Chaitrali Reddy is one of the students who was studying in Acharya Vinoba Bhave School, one of the schools under the foundation. Speaking about her school years, Reddy said she learned advanced technology in school which made a huge difference to her and her classmates. “For my social studies class I had to do intense research on iPads and this experience really helped me navigate my research work during my college days at United World College of India. Technology was also a medium for people who didn't really like writing to express their ideas. iPads have actually made learning fun and have made my classmates be creative and resourceful,” Reddy said.

Currently, Reddy is studying at the Wartburg College at Iowa, USA and is doing a double major in psychology and neuroscience and a minor in sociology. She aspires to become an art therapist.

Paromita Sen joined the Akanksha Foundation as a fellow in 2016 after having worked with Teach for India and by 2017 she became an Assistant School Leader. She's headed a lot of projects in this role including a special iPad project under the guidance of Sue Rankin, Apple Professional Learning Specialist.

“A new role was introduced in 2019 called the Instructional Specialist for iPads. I applied and got through the role as I was one of the first people to start using the technology (iPads) in Akanksha. Currently, I am working in the same role Instructional Specialist (digital learning) helping school leaders and teachers adapt digital teaching methods using iPads across the network of schools, introducing creative and innovative solutions, conducting workshops and training sessions for all teachers especially during the pandemic year,” Sen explained.

Talking about how having Apple devices helps them teach, Sen explained how they use iPads and Apple TVs. “The Apple TV really helps us to move in the class with the iPad and AirPlay student work whenever needed. When the ratio of the class is 28:1 it's difficult to focus on every child. Apple TV has made our life easy by actually going around and focusing on every child's work, clearing misconceptions by AirPlaying, and also annotating whenever required. Thanks to this, the engagement and the attention span of the class are much higher,” she said.

Students also use the cameras on the iPads to go out and take interviews, click pictures, annotate, crop, and present them in the class. “This actually gives a voice and choice to our students and personalises the learning process,” Sen pointed out adding that the iPad's different accessibility features like subtitles and captioning, hearing devices, display size, speak feature has actually helped to differentiate students and cater to their individual needs.

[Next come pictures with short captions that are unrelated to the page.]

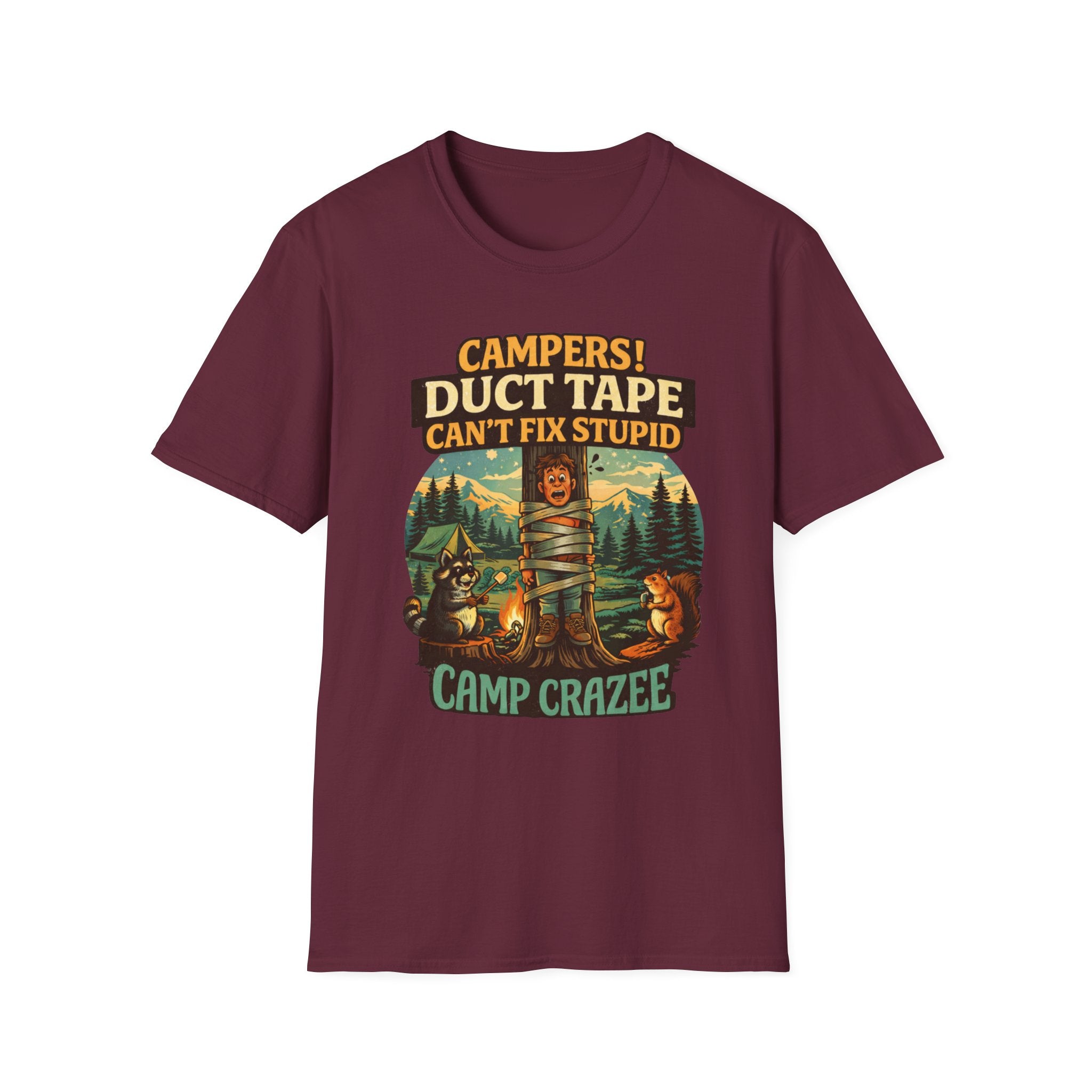 Duct Tape Can't Fix Stupid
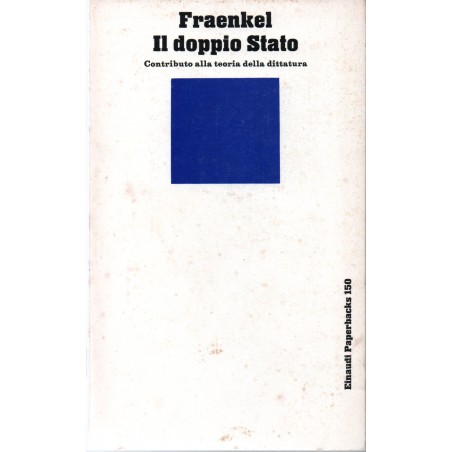 Il doppio stato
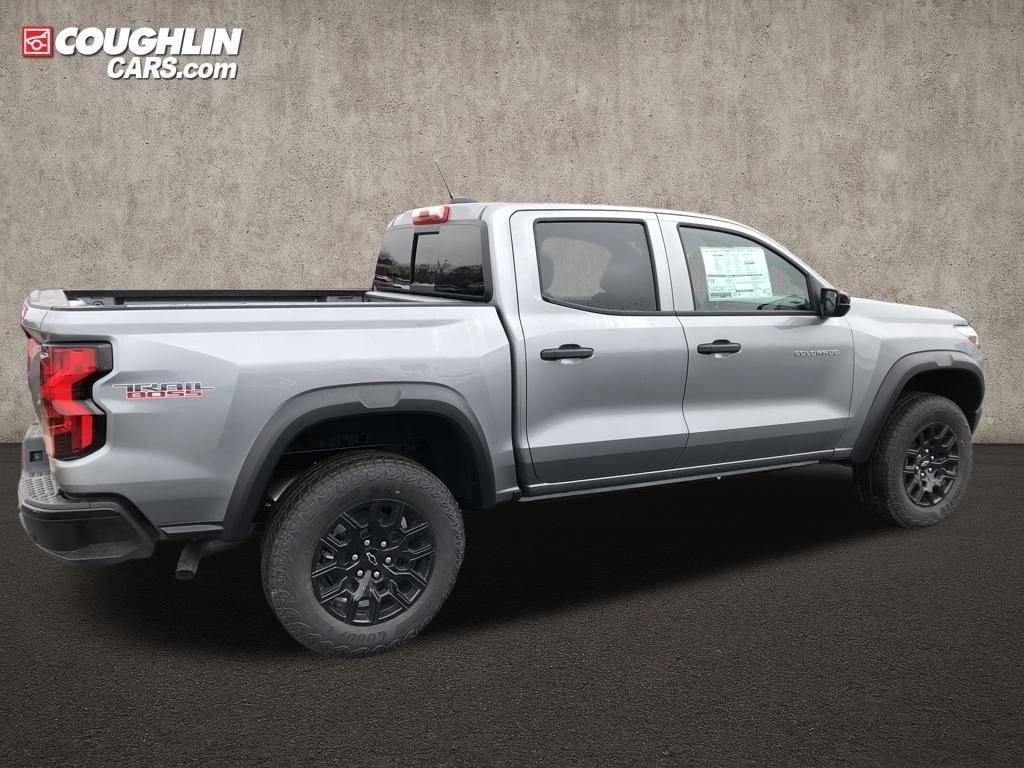 new 2026 Chevrolet Colorado car, priced at $42,294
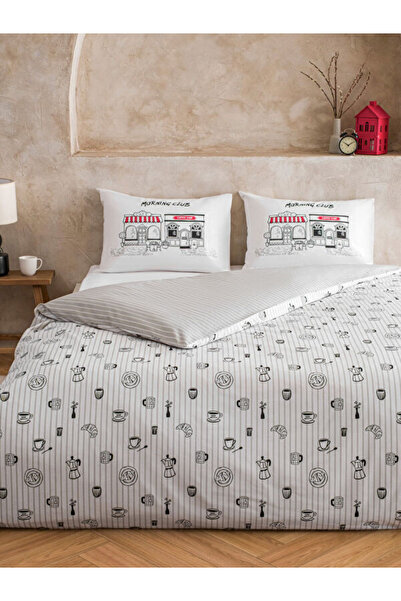 LC Waikiki Modern Pieces Double Duvet Cover Set from Uzg Store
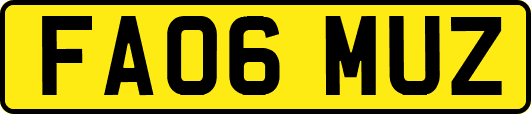 FA06MUZ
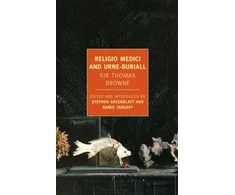 KNYGA Thomas Browne Religio Medici And Urne-Buriall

For Sen, Apple and Akanksha's partnership has also helped her grow as an educator. “I have transformed myself from a teacher using an iPad to a trainer for teachers who are willing to use iPads. The iPad project (called the Teaching and Learning Project at Akanksha) is not only about technology. It's about how can we effectively use technology to teach and learn. This project has also opened the door for me to collaborate with other teachers across the network. We have done multiple exchange projects across schools as this project gave us the option to personalise learning and go beyond textbooks. Also, technology gave us the scope to interact with students across the globe and learn, we just did a project with a school in Edinburgh, Scotland,” she said.

"Education is part of Apple's DNA, and we believe deeply in the power of technology as a tool to open pathways to opportunity and transform learning for students around the world. We've partnered with Akanksha since 2015, and are thrilled to support their work to bring technology into the classroom and empower students to learn and create in new ways. We're proud to work alongside educators at Akanksha and across the country to help ensure they have the tools and resources to deliver new learning opportunities — especially at a time when teachers and students are relying on technology more than ever before,” said Lisa Jackson, Apple's Vice President of Environment, Policy and Social Initiatives.